Las víboras, las malditas víboras otra vez. El recoveco al que desplomó su magullado cuerpo Velasco era un nido, y de los peores. No se dio cuenta de inmediato. Cayó parado, y hasta dispuso un tiempo de acomodarse para descansar.
Los pinos muertos lo habían impregnado de trementina hasta emborracharlo. Le empezaba la hilaridad y se le iba el hilo del pensamiento. Ya había dejado de preguntarse para qué tanto operativo de tren ilegal y secreto si el cargamento consistía en ocote grande nada más. Vio que había gato encerrado, que lo importante era lo que no se veía.
Pero el flamazo del pino, adherido a sus ropas, su pelo, sus manos y por lo visto su sangre, lo había olvidado de dudas y reflexiones sobre qué vería dentro del tren.
Se adormecía con delicia cuando un cosquilleo le recordó que tenía mano izquierda. Antes que acabara de voltear ya había sonado el crótalo, tsss. En su niebla de cansancio, hambre, hemorragia y trementina, Velasco distinguió, entre los troncos apilados a su alrededor, las pequeñas y medianas cascabeles de una familia virulenta.
Carajo no es palabra para expresar lo que de dentro le dictó el cerebro. La exploración viperina se inició rápido. El se estuvo quieto, que es como se le hace en estos casos.
Las viboritas le rondaron las orejas y él escuchó sin el menor parpadeo (si es que eso era escuchar). Estaba demasiado zumbo para sentir miedo. Reaccionaba primordial, instintivo. La adrenalina recuperó el control del cerebro de Velasco, curiosamente para inmovilizarlo.
Y en eso, que se suelta la lluvia, que con ese frío era casi nieve.

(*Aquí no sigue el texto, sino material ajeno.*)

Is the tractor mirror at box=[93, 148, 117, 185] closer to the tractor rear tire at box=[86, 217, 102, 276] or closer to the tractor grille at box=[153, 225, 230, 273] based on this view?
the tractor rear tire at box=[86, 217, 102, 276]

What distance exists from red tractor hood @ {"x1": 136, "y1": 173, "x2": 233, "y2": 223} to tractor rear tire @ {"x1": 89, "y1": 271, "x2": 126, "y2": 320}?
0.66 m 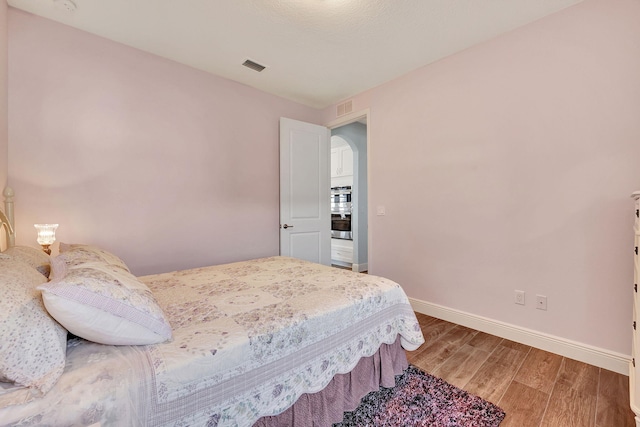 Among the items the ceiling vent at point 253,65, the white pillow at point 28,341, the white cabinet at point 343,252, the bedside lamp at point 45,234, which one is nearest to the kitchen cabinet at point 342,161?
the white cabinet at point 343,252

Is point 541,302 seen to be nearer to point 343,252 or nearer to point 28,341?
point 28,341

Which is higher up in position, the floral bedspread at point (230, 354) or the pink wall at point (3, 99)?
the pink wall at point (3, 99)

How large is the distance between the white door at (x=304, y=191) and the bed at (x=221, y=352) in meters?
1.70

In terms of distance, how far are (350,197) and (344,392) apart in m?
3.88

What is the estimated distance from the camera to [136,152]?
252 cm

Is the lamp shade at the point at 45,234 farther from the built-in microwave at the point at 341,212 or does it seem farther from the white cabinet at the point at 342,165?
the white cabinet at the point at 342,165

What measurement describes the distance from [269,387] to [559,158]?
8.11ft

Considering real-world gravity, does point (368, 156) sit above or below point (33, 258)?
above

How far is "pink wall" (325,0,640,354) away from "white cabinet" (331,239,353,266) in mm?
2076

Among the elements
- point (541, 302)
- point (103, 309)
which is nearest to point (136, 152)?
point (103, 309)

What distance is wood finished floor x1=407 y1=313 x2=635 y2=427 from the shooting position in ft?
4.72

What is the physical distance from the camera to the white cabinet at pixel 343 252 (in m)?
5.14

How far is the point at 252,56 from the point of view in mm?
2646

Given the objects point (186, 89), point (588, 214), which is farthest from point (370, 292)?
point (186, 89) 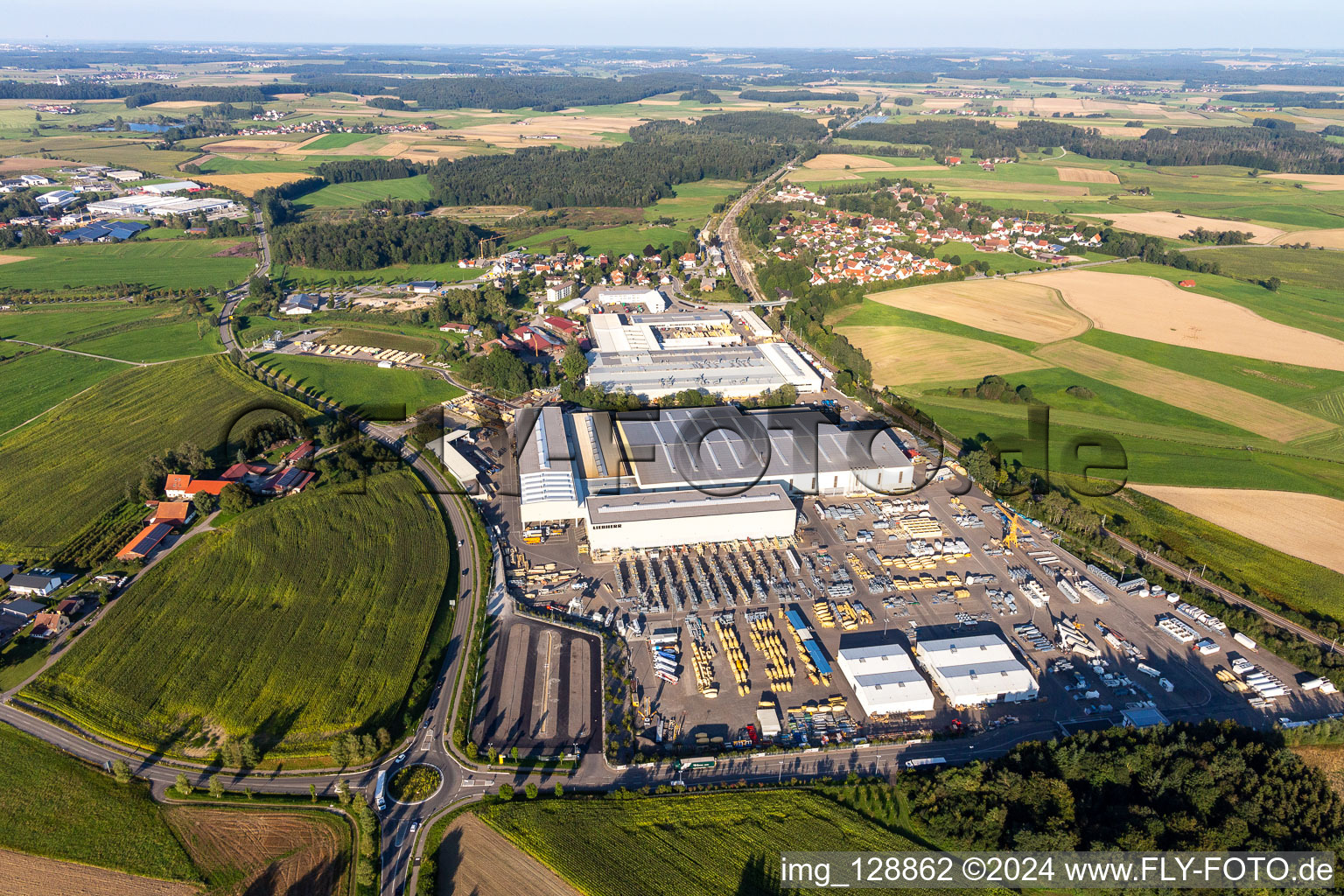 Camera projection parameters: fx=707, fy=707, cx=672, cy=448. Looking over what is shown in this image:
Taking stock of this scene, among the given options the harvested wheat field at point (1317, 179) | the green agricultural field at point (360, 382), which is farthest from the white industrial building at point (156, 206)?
the harvested wheat field at point (1317, 179)

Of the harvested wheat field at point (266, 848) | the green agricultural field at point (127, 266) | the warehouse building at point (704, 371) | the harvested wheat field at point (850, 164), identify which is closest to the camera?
the harvested wheat field at point (266, 848)

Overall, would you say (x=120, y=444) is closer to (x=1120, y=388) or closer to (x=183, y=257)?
(x=183, y=257)

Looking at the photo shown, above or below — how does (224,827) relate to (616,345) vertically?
below

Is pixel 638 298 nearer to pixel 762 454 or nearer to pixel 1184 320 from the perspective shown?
pixel 762 454

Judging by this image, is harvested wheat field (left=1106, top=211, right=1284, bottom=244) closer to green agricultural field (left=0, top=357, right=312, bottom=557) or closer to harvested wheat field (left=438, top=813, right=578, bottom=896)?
green agricultural field (left=0, top=357, right=312, bottom=557)

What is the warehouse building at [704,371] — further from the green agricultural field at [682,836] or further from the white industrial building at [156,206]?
the white industrial building at [156,206]

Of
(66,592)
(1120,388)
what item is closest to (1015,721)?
(1120,388) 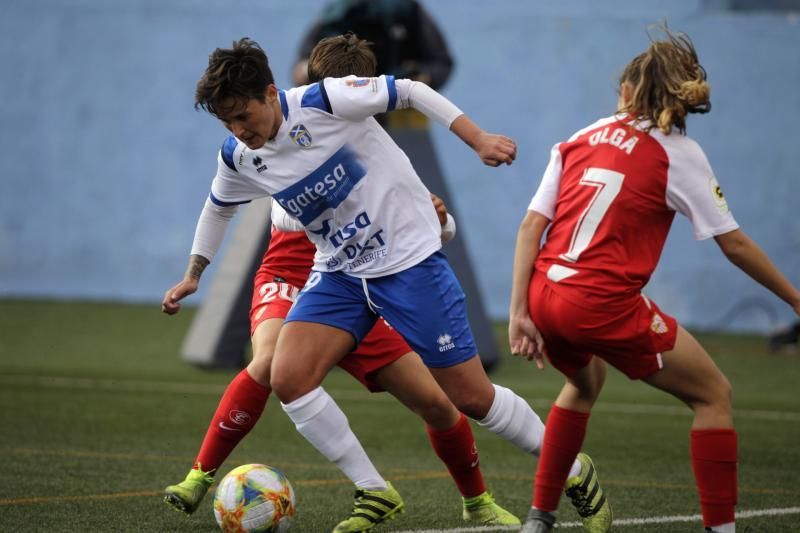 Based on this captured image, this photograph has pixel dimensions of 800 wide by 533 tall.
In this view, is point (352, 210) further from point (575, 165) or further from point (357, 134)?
point (575, 165)

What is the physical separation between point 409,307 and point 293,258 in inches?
38.9

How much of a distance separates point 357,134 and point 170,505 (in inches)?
65.7

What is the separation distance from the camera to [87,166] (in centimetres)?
1803

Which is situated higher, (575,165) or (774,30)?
(575,165)

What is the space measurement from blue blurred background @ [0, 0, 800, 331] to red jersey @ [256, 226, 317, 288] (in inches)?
333

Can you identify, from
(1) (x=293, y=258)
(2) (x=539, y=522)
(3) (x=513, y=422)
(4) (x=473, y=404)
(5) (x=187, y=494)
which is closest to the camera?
(2) (x=539, y=522)

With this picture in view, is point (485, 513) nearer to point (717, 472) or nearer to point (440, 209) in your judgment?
point (717, 472)

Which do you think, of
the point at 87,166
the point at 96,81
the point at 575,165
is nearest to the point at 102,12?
the point at 96,81

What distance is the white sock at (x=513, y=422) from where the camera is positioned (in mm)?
4953

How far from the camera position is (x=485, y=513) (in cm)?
516

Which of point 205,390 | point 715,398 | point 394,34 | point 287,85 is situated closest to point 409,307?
point 715,398

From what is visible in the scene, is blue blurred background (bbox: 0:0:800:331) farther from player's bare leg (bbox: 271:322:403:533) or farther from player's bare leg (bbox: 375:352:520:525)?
player's bare leg (bbox: 271:322:403:533)

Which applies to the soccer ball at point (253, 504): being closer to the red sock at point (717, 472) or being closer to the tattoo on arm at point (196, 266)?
the tattoo on arm at point (196, 266)

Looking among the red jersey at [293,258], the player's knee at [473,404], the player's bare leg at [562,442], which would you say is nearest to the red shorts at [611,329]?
the player's bare leg at [562,442] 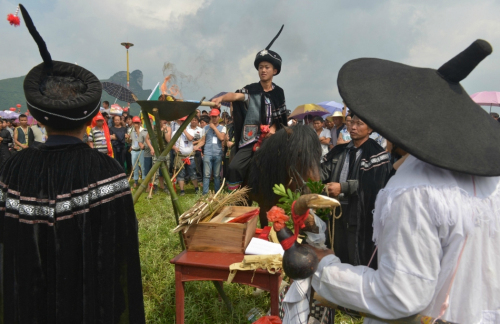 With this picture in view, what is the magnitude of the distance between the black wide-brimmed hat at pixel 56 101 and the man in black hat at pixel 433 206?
4.42ft

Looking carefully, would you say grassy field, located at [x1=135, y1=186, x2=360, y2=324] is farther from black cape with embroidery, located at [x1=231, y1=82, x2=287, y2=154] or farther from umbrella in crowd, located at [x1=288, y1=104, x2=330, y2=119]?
umbrella in crowd, located at [x1=288, y1=104, x2=330, y2=119]

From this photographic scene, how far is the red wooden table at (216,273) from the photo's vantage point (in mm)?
2299

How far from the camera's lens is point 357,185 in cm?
354

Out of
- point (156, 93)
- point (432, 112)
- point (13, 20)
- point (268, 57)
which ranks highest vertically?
point (268, 57)

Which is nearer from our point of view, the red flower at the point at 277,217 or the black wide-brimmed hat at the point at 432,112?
the black wide-brimmed hat at the point at 432,112

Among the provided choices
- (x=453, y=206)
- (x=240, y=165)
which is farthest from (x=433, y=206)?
(x=240, y=165)

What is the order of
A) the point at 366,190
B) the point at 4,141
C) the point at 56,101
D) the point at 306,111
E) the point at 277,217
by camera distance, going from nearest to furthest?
the point at 277,217
the point at 56,101
the point at 366,190
the point at 4,141
the point at 306,111

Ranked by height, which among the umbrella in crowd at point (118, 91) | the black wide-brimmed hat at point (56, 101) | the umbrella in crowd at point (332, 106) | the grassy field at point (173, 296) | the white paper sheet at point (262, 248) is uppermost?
the umbrella in crowd at point (118, 91)

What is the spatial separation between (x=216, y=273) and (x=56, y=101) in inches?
60.3

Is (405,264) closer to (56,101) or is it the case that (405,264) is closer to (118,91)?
(56,101)

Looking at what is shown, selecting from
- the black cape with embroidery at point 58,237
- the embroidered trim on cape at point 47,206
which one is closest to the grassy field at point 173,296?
the black cape with embroidery at point 58,237

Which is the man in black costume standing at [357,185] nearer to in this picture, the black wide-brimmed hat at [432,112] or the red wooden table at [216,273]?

Las víboras son de sangre fría, pero no pendejas, así que se replegaron a los intersticios del cargamento de ocote y dejaron en paz al aterido hombre, le perdieron interés.
Urgía refugio. ¡El vagón siguiente! Con ánimo exaltado, que pone signos de admiración donde no van, se brincó la junta de los carros y asió a la derecha el barandal de la escalerilla, giró y se desplazó como lagartija en un muro para, digamos, darle la espalda al paisaje que transcurría veloz e hiriente de lluvia navajeándole el rostro. La puerta se encontraba cerrada. Buscó la manivela; no se soltaba. Se entumecían sus músculos. El herrumbre, carajo. Enganchó el codo al barandal y presionó la manivela con ambas manos. Un agudo rechinido, distinto del que el tren chaca-chaca hacía chillar en el tenso nervio de un alambre.
Descorrió la puerta lo suficiente para escurrir el bulto y lo siguiente fue acostumbrarse a la oscuridad. Por eso no cerró tras él. Tantita luz que entrara.
Lo rodeaban, entrevió y palpó, unas pacas largas de paja y hojas de palma. Anduvo a tientas, temblando, chorreando agua por un pasillo entre las pacas apiladas. Algo no checaba. Apretaba el pajar y era duro. Y una frialdad que nunca en un pajar. Como si las palmas secas no alcanzaran a ofrecerle pesebre al pobre Velasco. Apretó un poco más fuerte. Duro, como sólo el metal. Presionó, palpó ampliamente, a lo largo. Identificó la forma y un helor le enfrió la espalda otro poco. Ese era el cargamento que los palos de pino disimulaban, el tesoro del tren.
¡Un vagón entero! (La exaltación disminuía; además, la lluvia le limpió la impregnación malsana que traía). Siguió a ciegas, tanteando armas largas, armadas y listas. Miles de ellas, calculó. Por fin tocó un montón sólo de paja y cartón, bueno para tumbarse. Justo lo que Velasco necesitaba ahora: un secante. Y un poco de abrigo amniótico, aunque lo rodeara tanto fierro.